Reduce large query time

Our query is actually running via the influxdb python library but I’ve reproduced the same query time via the CLI client:

influx --host 10.0.5.183 --precision RFC3339 -execute "select * from turbine_ops.permanent.turbine_interval where ((turbine_id = 'NKWF-T15' or turbine_id = 'NKWF-T41' or turbine_id = 'NKWF-T23' or turbine_id = 'NKWF-T19' or turbine_id = 'NKWF-T51' or turbine_id = 'NKWF-T14' or turbine_id = 'NKWF-T42' or turbine_id = 'NKWF-T26' or turbine_id = 'NKWF-T39' or turbine_id = 'NKWF-T49' or turbine_id = 'NKWF-T38') and time >= '2019-05-01')">/dev/null

Influx is running on a r5.large EC2 instance with EBS a general purpose SSD (gp2) volume, the CLI is on an EC2 in the same subnet, and the above query takes about 20 seconds, returning 747120 rows, each having 1 tag (turbine_id) and 5 fields (all decimal values).
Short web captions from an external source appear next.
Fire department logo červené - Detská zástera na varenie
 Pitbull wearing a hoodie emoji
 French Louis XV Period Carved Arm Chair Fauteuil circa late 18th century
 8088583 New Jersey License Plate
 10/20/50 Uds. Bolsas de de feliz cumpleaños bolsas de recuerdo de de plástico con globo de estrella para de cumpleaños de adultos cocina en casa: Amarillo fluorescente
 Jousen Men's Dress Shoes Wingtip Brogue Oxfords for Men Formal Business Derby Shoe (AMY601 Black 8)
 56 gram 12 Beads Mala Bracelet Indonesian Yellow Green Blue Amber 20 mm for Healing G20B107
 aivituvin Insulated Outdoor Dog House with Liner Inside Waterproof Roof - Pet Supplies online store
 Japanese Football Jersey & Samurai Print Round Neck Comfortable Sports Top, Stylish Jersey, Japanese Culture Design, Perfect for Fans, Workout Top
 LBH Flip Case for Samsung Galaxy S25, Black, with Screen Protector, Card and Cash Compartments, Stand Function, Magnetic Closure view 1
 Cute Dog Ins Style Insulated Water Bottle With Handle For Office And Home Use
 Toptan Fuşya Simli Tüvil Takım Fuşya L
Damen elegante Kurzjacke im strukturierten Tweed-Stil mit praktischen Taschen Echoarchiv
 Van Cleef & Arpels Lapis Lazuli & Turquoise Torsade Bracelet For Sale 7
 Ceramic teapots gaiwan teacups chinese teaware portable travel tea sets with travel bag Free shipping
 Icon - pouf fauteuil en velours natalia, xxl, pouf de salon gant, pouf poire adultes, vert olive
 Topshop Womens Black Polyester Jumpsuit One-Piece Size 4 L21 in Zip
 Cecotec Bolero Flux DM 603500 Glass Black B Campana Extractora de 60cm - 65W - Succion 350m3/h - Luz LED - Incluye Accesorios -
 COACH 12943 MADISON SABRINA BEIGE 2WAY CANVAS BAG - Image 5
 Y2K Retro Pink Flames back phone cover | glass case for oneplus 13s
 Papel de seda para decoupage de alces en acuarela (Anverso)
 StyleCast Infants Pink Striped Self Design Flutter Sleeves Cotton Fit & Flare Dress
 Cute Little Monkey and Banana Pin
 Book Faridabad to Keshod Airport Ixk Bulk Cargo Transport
Does this seem normal?

We need to reduce the 20s significantly. Via htop on the influx host I see no significant change in RAM usage, a brief CPU spike that lasts ~1s at the start of query, and then no subsequent CPU activity.

Shard duration is set to 1 year. Please let me know any optimizations we may be able to make.

show series exact cardinality on turbine_ops
name: turbine_interval
count
-----
11

I tried scaling the influxdb host to r5.8xlarge and the query time did not change at all.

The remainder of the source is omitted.